What you need to do:
All that is wanted is the line with "2025-26 Topps #246 Naji Marshall — front" and each line after it to the end of the data below, set down exactly and without pictures.
*** Information supplied Section Begins ***
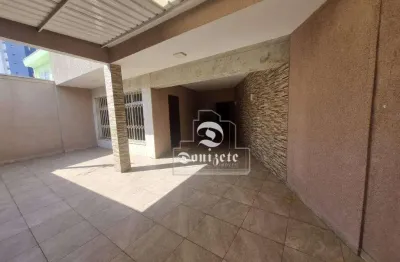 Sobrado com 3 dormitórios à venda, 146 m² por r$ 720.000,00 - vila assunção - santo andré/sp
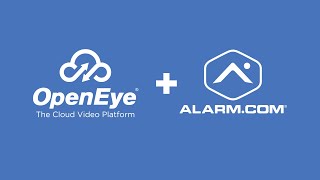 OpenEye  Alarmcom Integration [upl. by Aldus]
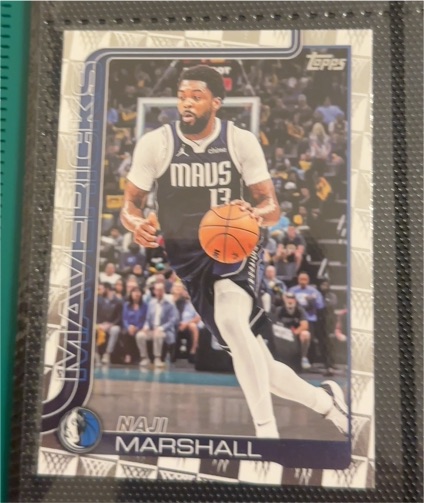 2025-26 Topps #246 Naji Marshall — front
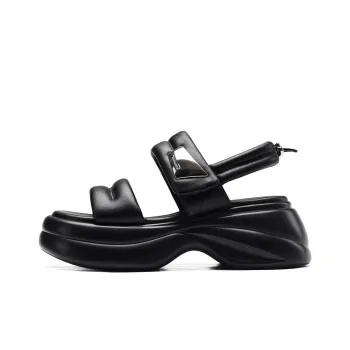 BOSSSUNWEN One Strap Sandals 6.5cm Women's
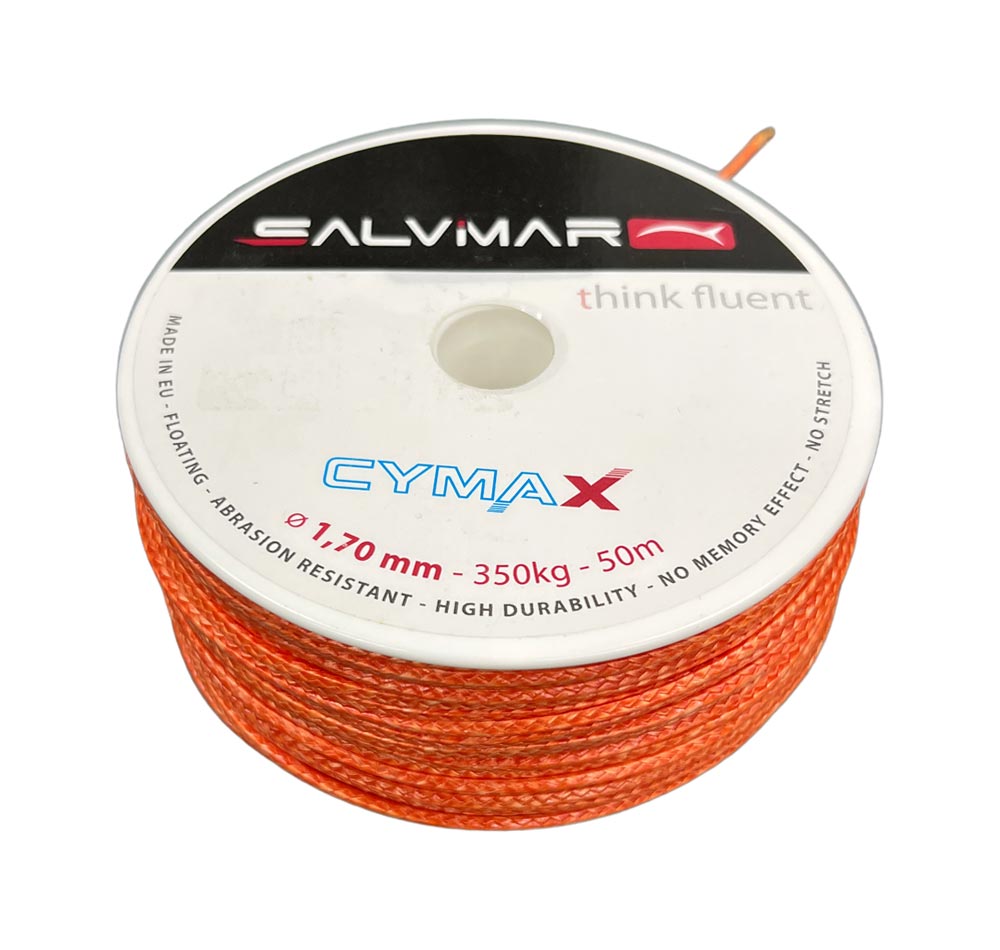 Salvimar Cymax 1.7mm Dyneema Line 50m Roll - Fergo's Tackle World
*** Information supplied Section Ends ***
Response to the exercise:
 2025-26 Topps #246 Naji Marshall — front
 BOSSSUNWEN One Strap Sandals 6.5cm Women's
 Salvimar Cymax 1.7mm Dyneema Line 50m Roll - Fergo's Tackle World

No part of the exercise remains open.